A primeira vez, em anos, que isso pareceu ser abalado foi na última eleição presidencial, quando o candidato presidencial José Serra - um intelectual de porte oriundo da centro-esquerda - surfou na onda de uma pauta ultraconservadora - e agressiva - quando se viu derrotado, criando uma atmosfera irrespirável que arranhou irremediavelmente sua biografia. Por isso, mais do que nunca, a manifestação de Bolsonaro ganha uma conotação perigosa. Também não é o caso de ignorarmos que suas falas têm se radicalizado mais e mais - assim como voltou a ganhar certo espaço na mídia -, principalmente, porque estamos na iminência de um duro debate sobre o desarquivamento dos arquivos da Ditadura e da instituição de uma Comissão da Verdade.

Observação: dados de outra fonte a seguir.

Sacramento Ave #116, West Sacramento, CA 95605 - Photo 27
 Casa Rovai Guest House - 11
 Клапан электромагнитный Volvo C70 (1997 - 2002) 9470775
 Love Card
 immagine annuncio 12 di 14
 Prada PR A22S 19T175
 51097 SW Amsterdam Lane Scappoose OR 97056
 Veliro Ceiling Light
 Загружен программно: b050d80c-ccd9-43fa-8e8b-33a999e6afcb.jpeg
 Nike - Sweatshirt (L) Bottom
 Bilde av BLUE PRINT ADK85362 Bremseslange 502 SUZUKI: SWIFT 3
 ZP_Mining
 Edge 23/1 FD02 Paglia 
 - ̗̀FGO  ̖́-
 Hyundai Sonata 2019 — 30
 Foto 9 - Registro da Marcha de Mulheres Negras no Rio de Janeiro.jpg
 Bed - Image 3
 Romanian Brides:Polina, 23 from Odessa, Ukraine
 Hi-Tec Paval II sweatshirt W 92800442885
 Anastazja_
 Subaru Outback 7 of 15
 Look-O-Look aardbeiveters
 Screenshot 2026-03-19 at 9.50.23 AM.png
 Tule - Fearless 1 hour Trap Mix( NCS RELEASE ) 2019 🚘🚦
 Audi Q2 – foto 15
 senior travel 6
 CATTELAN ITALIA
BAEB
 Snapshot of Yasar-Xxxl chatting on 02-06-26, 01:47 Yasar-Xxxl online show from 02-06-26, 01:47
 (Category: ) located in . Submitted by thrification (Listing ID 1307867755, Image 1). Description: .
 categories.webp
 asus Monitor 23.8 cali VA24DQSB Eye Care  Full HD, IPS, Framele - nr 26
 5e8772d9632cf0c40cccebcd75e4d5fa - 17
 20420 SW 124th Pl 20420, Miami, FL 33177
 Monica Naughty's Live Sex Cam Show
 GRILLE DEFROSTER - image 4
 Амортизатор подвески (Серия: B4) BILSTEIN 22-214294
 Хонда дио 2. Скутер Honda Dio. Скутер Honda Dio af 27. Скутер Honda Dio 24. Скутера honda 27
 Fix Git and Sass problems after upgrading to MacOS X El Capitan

Seja como for, essa fala de Bolsonaro no CQC, por si só, já é das coisas mais graves que ele disse. Liberdade de expressão tem limites, ainda mais quando alguém exerce mandato eletivo e se usa disso para incitar o ódio. Ainda que o deputado seja muito mais alguém dotado de um senso de oportunidade único do que um ideólogo de qualquer coisa, esse tipo de comportamento não é admissível e não pode ser tolerado. É demais pagarmos o salário de alguém que se usa da democracia para ser eleito, mas usa de seu mandato para atacá-la ou mesmo que, vejam só, lança pesados ataques às minorias, mas é (acredite se quiser) membro da Comissão de Direitos Humanos e Minorias da Câmara. Ainda que a democracia seja dos poucos sistemas que admita a crítica a si mesmo de dentro de suas instituições, há limites para o cinismo alheio e para o grau de ameaça que seguidas e sistemática declarações irresponsáveis podem representar. Espero não estar postando por aqui algo como este "Bolsonaro, ainda" - pelo menos não sobre ele como deputado -, acho que já deu e um ato racista é um bom limite.